MARC notes that the recent
disposal of DRB-HICOM’s power plant operations under HICOM Power Sdn Bhd (HICOM
Power) and the consolidation of Proton’s car distribution network have been
followed by divestments in the group’s various non-core business units. In
addition, the group is finalising the sale of its 51%-interest in Uni.Asia Life
Assurance Berhad for RM264 million. The asset disposals are expected to
generate about RM3.0 billion, of which RM930.2 million has been collected as of
to date. Proceeds from the asset sales will be utilised to reduce DRB-HICOM’s
debt at the holding company level, which had risen sharply to RM4.0 billion as
at September 30, 2012 (1HFY2013) on debt-funded acquisition of Proton’s entire
equity stake for RM3.02 billion in June 2012. MARC observes that the holding
company debt has declined to RM3.1 billion in 1HFY2014, resulting in a lower
gearing level of 0.53 times (1HFY2013: 0.74 times). This is expected to reduce
to RM2.9 billion by end-FY2014. MARC opines that the sizeable divestment
proceeds will be sufficient to meet the company’s acquisition-related debt
repayment through FY2017. However, any significant purchases may scuttle the
group’s plans to pare down its borrowings to a level that would provide
comfortable headroom at its current rating level.

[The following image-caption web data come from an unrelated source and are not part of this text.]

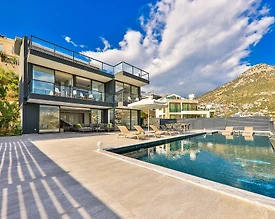 Kaş Kalkan'da Nefes Kesici Manzaralı, Özel Havuzlu, Modern Villa - 2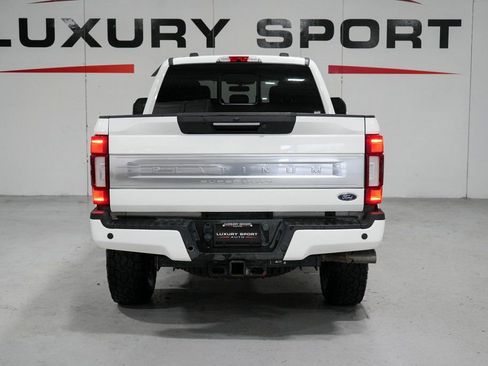 Used 2020 Ford F350 Platinum w/ Tremor Off-Road Package image 4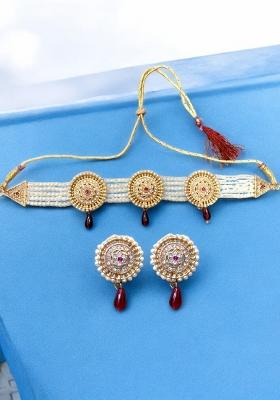 Traditional White Pearl Chain Gold Plated Alloy Chick Necklace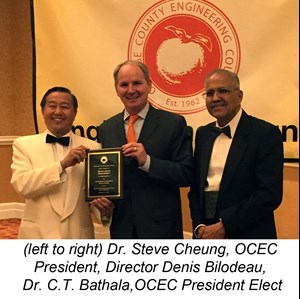 OCWD Director Bilodeau accepts OCEC Award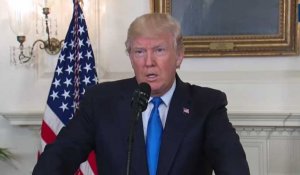 Trump : "Mélania et moi prions pour le prompt rétablissement de toutes les victimes" 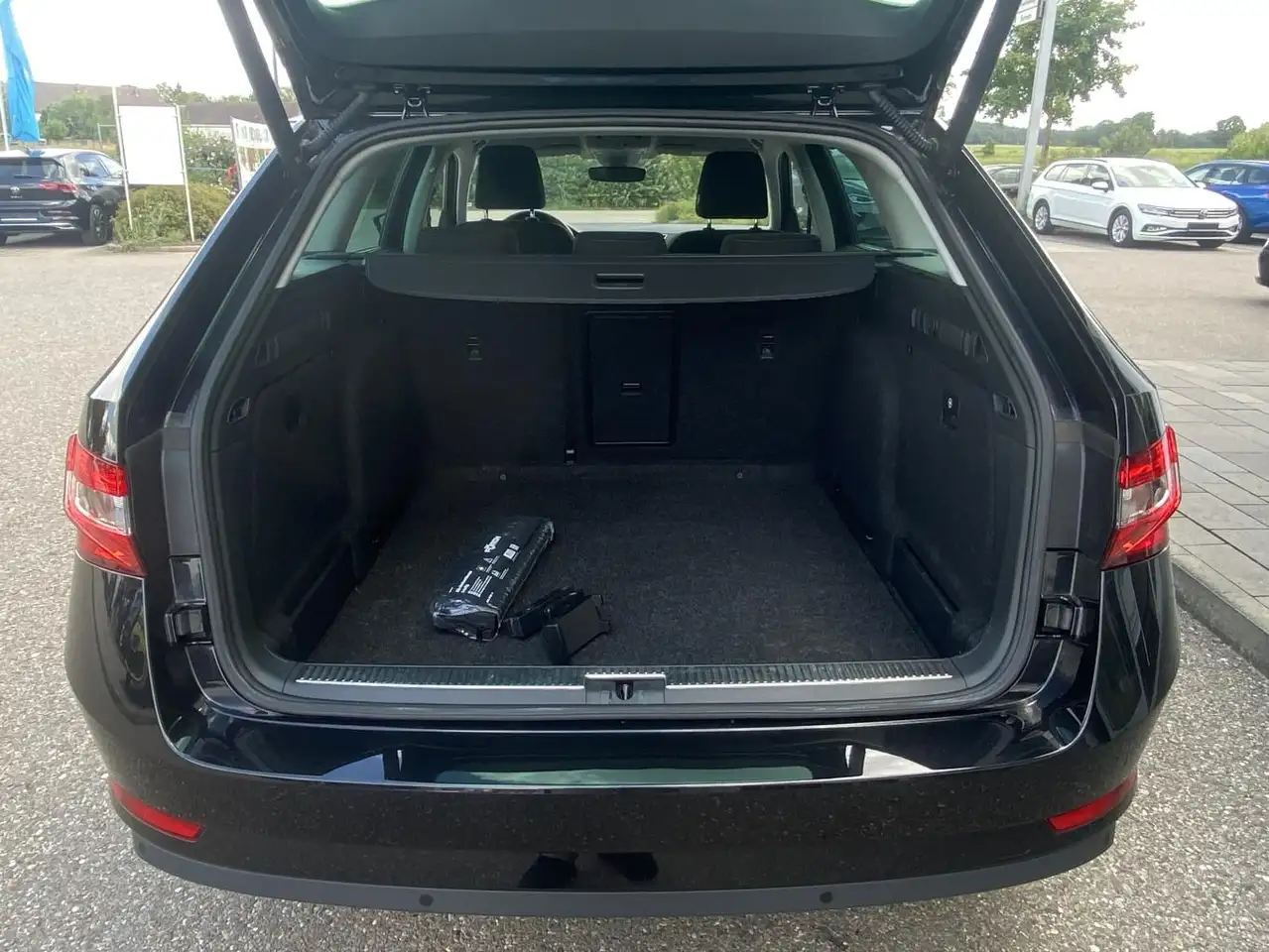 Skoda Superb Combi 1.5 TSI DSG AHK+KOMFORT-PLUS+SMART- — Galería del vehículo 13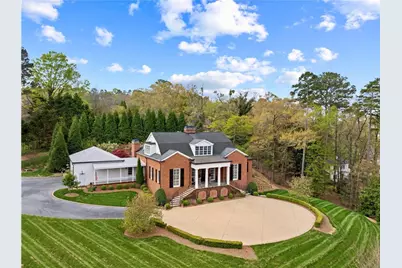 315 E Line Street, Calhoun, GA 30701 - Photo 1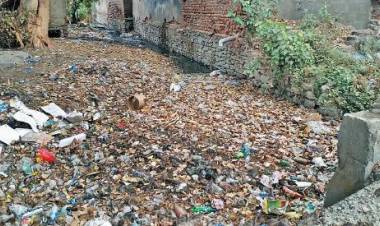 சிவகாசி பொத்துமரத்து ஊரணி மந்தகதியில் நடக்கும் தூர்வாரும் பணியை துரிதப்படுத்த வேண்டும் என மக்கள் கோரிக்கை விடுத்துள்ளனர்.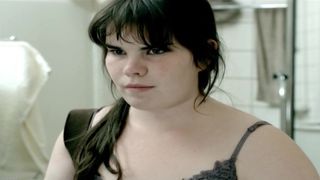 Emma Levie - Lena (2011)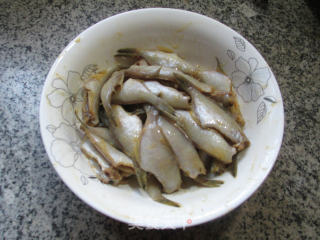 盐焗小橡皮鱼的做法步骤：3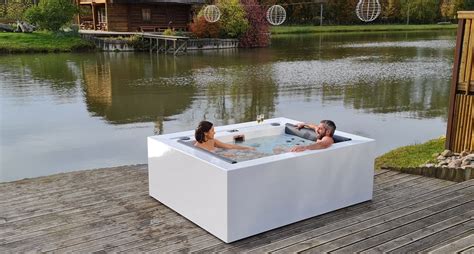 9 Best Two Person Hot Tub For 2023 Storables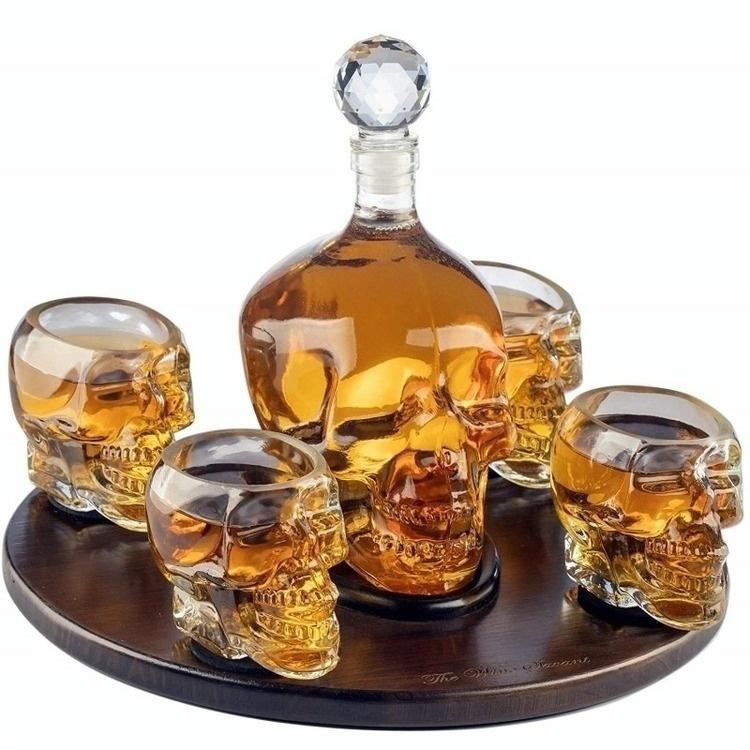 Weinset aus mundgeblasenem Weindekanter und Becher in Form eines Kristallschädels 1000ml&4pcs cup transparent von Joom DACH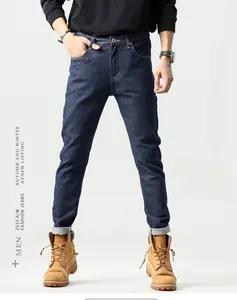 Détail d'un jean bleu classique à coupe droite avec revers et bottes de travail
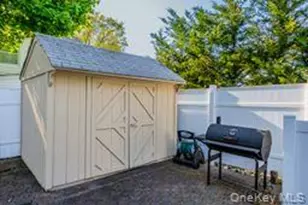41 Robert Cir, Syosset, NY 11791 - Photo 44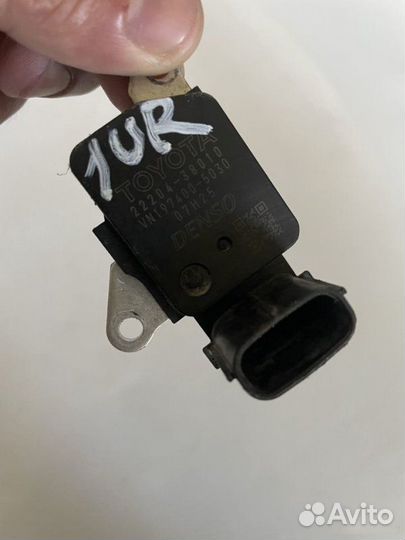 Датчик массового расхода воздуха двс Lexus Ls4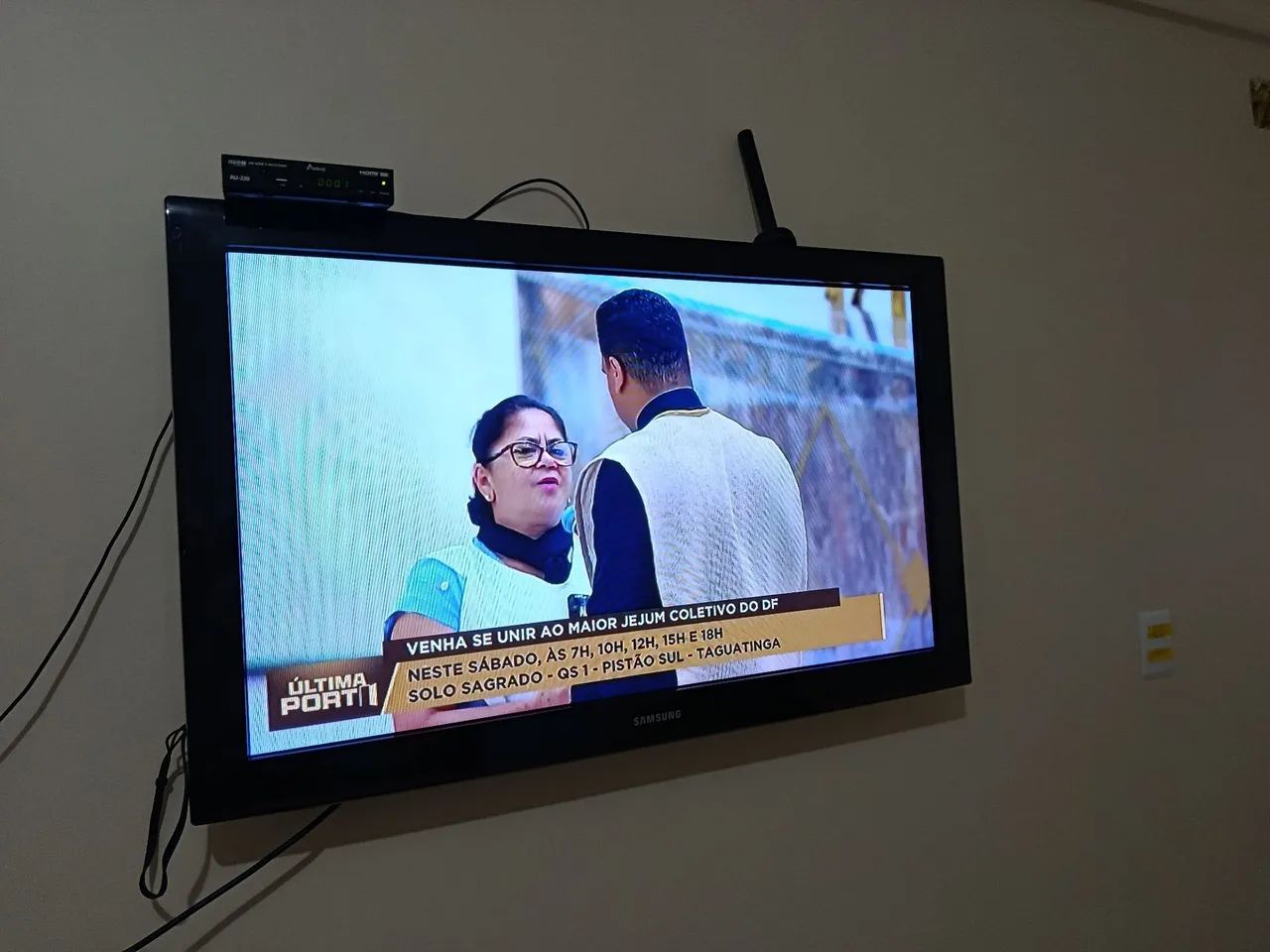 TV 66 POLEGADA, FONCINADO PERFEITA MENTEM! MOTIVO DA VENDA MUDANDO  DE ESTADO!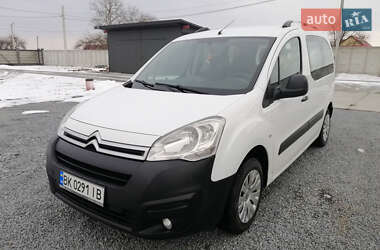 Вантажний фургон Citroen Berlingo 2015 в Рівному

MARC draws some comfort from the
group’s efforts to resolve both the financial and operational issues of
Proton’s UK-based loss-making subsidiary, Lotus Group International Limited
(Lotus). The group is in the midst of completing the refinancing of Lotus’ debt
of £207.3 million (approximately RM1.1 billion) with a term loan to be taken at
Proton’s level; the longer debt maturity profile of the term loan will
alleviate near-term liquidity pressures. Lotus sales volume is improving with
1,159 units sold in FY2013 and 825 units for 7MFY2014. MARC also notes that
Proton registered stronger sales performance with volume increasing to 73,706
units in 1HFY2014 (1HFY2013: 72,046 units), contributed in part by the strong
demand for its modestly-priced Saga model.
DRB-HICOM, whose other marques
include Honda, Isuzu, and Audi, is one of the leading domestic automotive
players with about 39% share of total industry volume for 4MFY2014. While
DRB-HICOM is expected to rationalise the group’s car production operations to
place the division on a stronger footing, MARC views its ongoing challenges in
the mainly high-volume low-margin driven automotive segment, including the need
to fund sizeable capital expenditure requirements, to weigh on the division’s
earnings growth.
DRB-HICOM’s services division
that includes concession asset operators (Puspakom Sdn Bhd, KL Airport Services
Sdn Bhd (KLAS) and Alam Flora Sdn Bhd) is expected to continue to generate
moderate earnings. The acquisition of Konsortium Logistik Berhad (KLB), a logistics
service provider, for RM391 million which includes the potential mandatory
general offer for KLB’s remaining 38%-stake for RM150 million, is expected to
provide synergy to the operations of KLAS. DRB-HICOM’s expected dilution of
ownership in its banking subsidiary Bank Muamalat Malaysia Berhad by end-2014
should enable the group to realise dividend potential from the bank.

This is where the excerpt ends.